If people try to claim the price doesn’t matter at all, they [the financial regulators] are totally going to see through that…

I can tell you… why the price being higher than lower… is good.

One of them is, obviously, security. So if the price is zero, the network can’t be secure, and that’s true in Proof-of-Work or Proof-of-Stake. 

Another reason is, obviously, that there’s a lot of projects who in the ecosystem hold cryptocurrency… and if the price is higher, then they’ll have more money to do the things they want to do…

Especially, the security concern is a totally legitimate technical argument.

There are members of the Ethereum community who just say that ‘Ether is a cryptocurrency and we want it to be more of a cryptocurrency’…

The Ethereum Foundation doesn’t have a monopoly on Ethereum messaging, or even a hegemony on Ethereum messaging at this point…

The thing I am absolutely opposed to is engineering pumps for the sake of pumps because that’s just a short term that’s fundamentally dishonest. The thing I am definitely in favor of is not doing stupid that would lead to the price going to zero. So, one example of that would be having an issuance of like 100 million ether every year. Regardless of what other consequences that has, that would clearly drop the price to zero, and that would clearly be just terrible.”

Decentralized Finance (DeFi) and Smart Contract Code Risk

“I’m definitely watching the whole DeFi space with interest and fascination… 

[On Twitter] Someone was trying to say something like ‘Why doesn’t pretty much everyone just take their money out of their bank accounts and put it into Dai earning interesting on Compound because that pays better rates, why would you just not get a free 3%?’. And I am like ‘Excuse me, free?
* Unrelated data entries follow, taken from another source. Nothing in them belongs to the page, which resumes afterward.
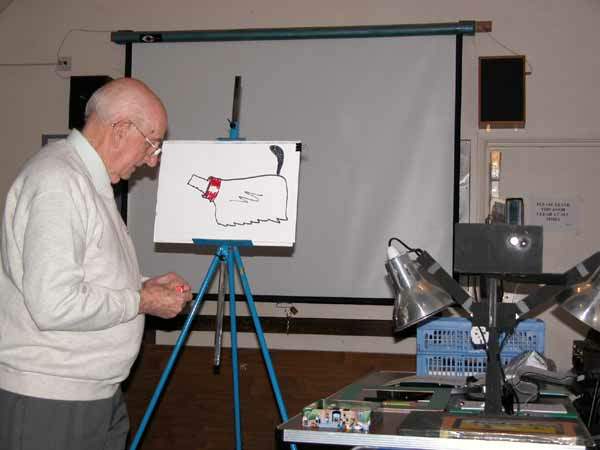 Bernard drawing a dog for animation.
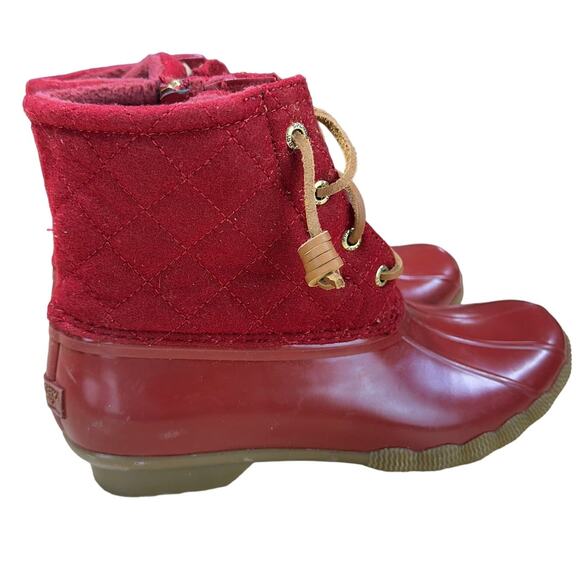 Sperry NWOB Saltwater Quilted Duck Booties in Burnt Henn Red Size 7.5 Lace Up - Picture 2 of 8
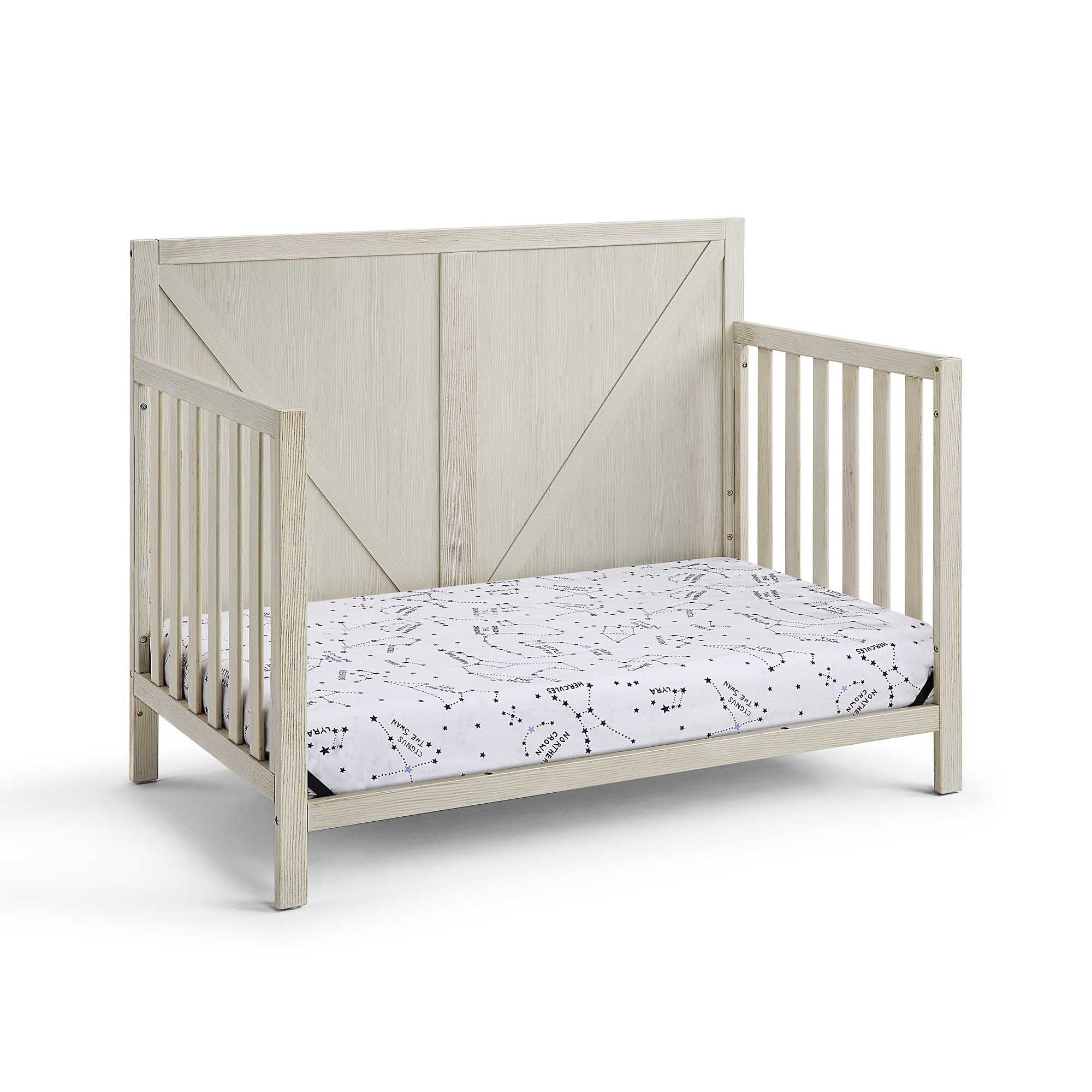 Barnside 4 in 1 Convertible Crib Washed Gray grey-solid wood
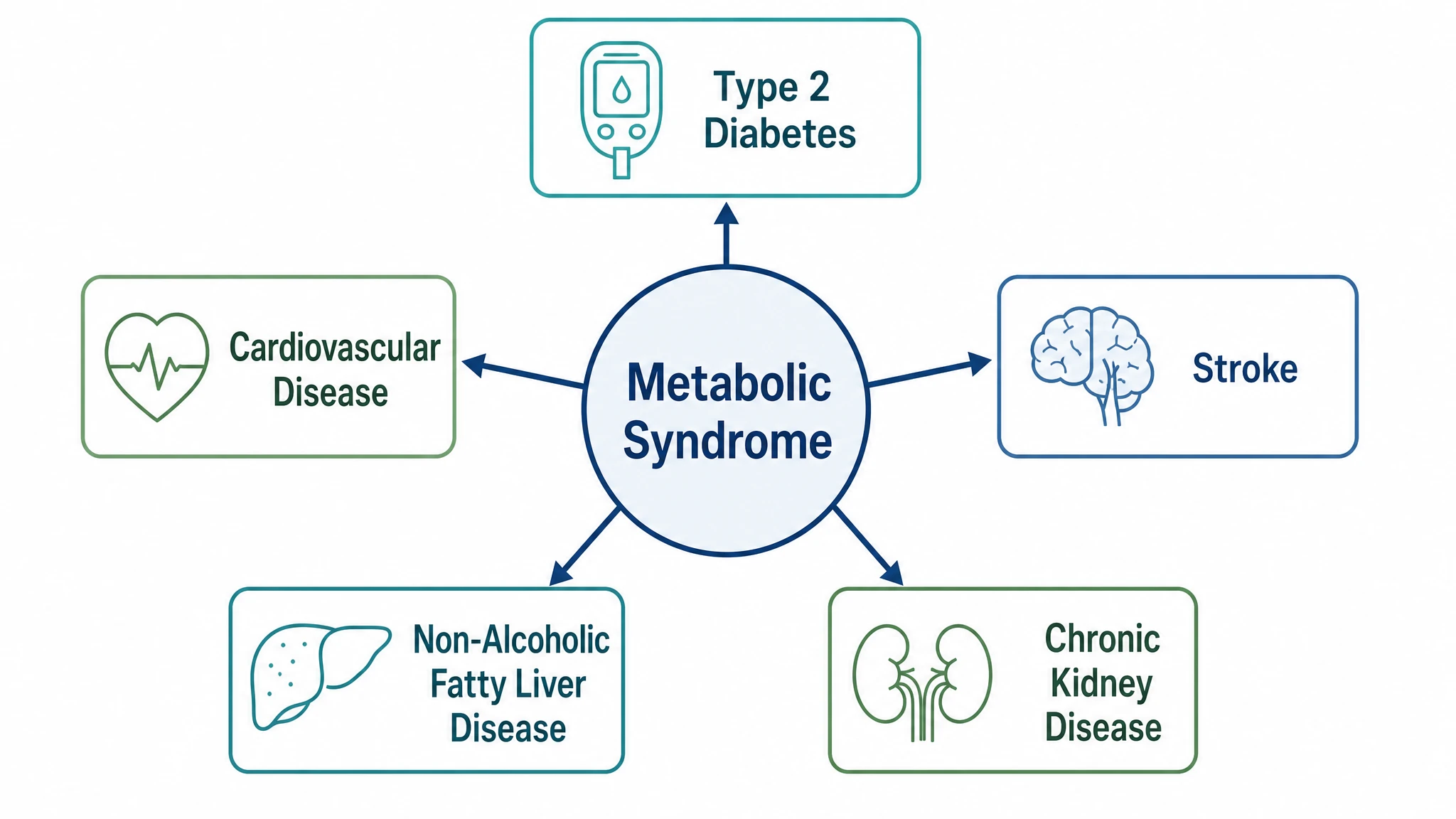 Diagram of metabolic syndrome radiating to associated diseases including type 2 diabetes, cardiovascular disease, and fatty liver disease (Figure generated with SciFig)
Are you really that confident that that contract has less than a 3% chance a year of having a bug in it?’. I mean, I honestly don’t know how to measure the chances of those contracts having bugs in them, but there’s definitely far too many people that round those risks to zero.”

If Vitalik Had a Time Machine, What Advice He Would Give Satoshi

“github.com/ethereum/eth2.0-specs”… 

When Laura asked Vitalik if he was really serious about telling Satoshi to build Ethereum 2.0, he answered: “I do think it’s a good architecture!” 

He then went on to elaborate:

“First of all, Satoshi had a really hard job because he just could not have predicted which way the ecosystem would have gone… I think on a technical level, suggesting a path that opens the door to upgradeability, to proof-of-stake, to more powerful virtual machines…”

What Vitalik Thinks Will Be the First Mainstream Use Case for Cryptocurrency

“Things I am near term optimistic about include first of all, the decentralized finance space… second of all, gaming [as in videogames]… on the non-financial side, identity, credentials, key revocation, and all of those things… fourth is parametric insurance… this is insurance that [for example] says if some extreme weather event happens, then pay me $500.”